Но при этих словах на чердак, дрожа, ввалился Пролазьер, который уже совершенно обледенел и даже позвякивал на ходу: он заподозрил неладное, решил, что Архилохос все же покупает картину.
Пассап разъярился.
— Убирайтесь! — взвыл он.
И владелец картинной галереи вновь ретировался на лестницу, в арктическую стужу.

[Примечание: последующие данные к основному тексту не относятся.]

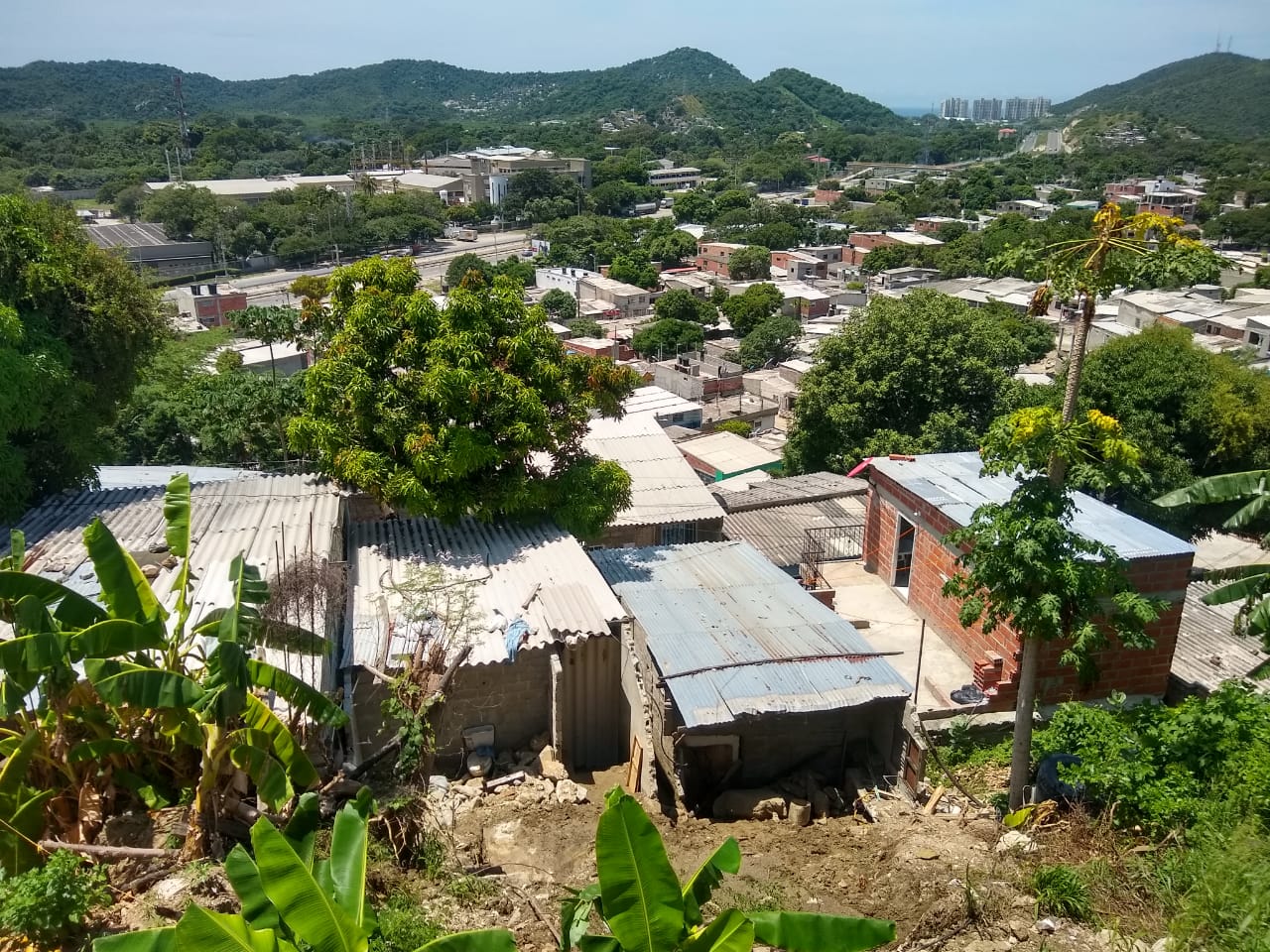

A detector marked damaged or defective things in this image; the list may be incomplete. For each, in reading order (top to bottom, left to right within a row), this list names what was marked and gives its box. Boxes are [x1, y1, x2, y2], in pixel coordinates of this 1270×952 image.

— У меня одно объяснение — искусство, — говорил художник, попивая виски, нанося на холст краски и одновременно гладя кошку, сидевшую у него на плече, — и мне безразлично, удовлетворяет вас это объяснение или нет. Из вашей голой невесты я сделал шедевр, в котором все совершенно: и пропорции, и плоскостное решение, и ритм, и цвет, и поэзия линий. Целый мир кобальта и охры! Вы же сделаете с Хлоей как раз обратное, как только она окажется голой в вашем распоряжении. Вы превратите ее в мамашу с выводком пискунов. Вы, а не я, разрушаете шедевр, созданный природой, я же облагораживаю его, возвожу в абсолют, придаю законченность и некую сказочность.